Richard Leonard has rejected calls from his internal opponents to step down as leader of Scottish Labour, and said he will stay on until after the next set of Scottish Parliament elections.
Mr Leonard said the party's current electoral woes were "part of a long-term trend" and pointed out that he had "inherited" the party in third place and that "it still is in third place".
Asked whether he would step down, the party leader said: "No, I’m not and I think that those people that have been calling this week for me to step down have underestimated both my resolve but also the mandate that I got."
Figures from the right of the Labour party this week called on Mr Leonard, a left-winger, to quit, blaming him for the SNP riding high in the polls and his party's waning fortunes.
Rachel Reeves, an English MP who returned to frontbench politics recently under Keir Starmer, this week called on Mr Leonard to “look at the opinion polls” and “consider his position”.
But the Scottish Labour leader said that "there are some people who really never accepted the result when I was elected" by the party in 2017.
"Prior to my election as the leader, just under three years’ ago, we’d had five leaders of the Scottish Labour party in six years and so the mandate that I was given by the members when they convincingly elected me to be leader, was to campaign on a radical agenda but it was also to be the leader of the Scottish Labour party going into the May 2021 Scottish Parliament elections," he told the broadcaster.

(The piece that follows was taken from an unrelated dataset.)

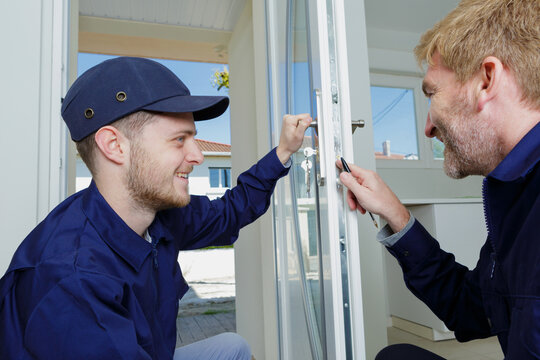 tradesmen checking lock on entrance door to appartment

Scottish Labour has just one House of Commons seat, a figure it first arrived at in 2015 when the party lost 40 seats under the leadership of Blairite Jim Murphy. Despite a minor recovery in 2017 to seven seats, it lost them again at the 2019 Westminster election.
At the Scottish parliament level the party has lost seats and votes in every election since the body was set up, starting on 56 MSPs in 1999 and falling to 24 in 2016.
The latest opinion poll by ComRes has Labour on 17 per cent for the next Scottish elections, which are due to be held in May 2021. This would represent a slight fall from its 2016 result under former leader Kezia Dugdale, when the party first fell to third place.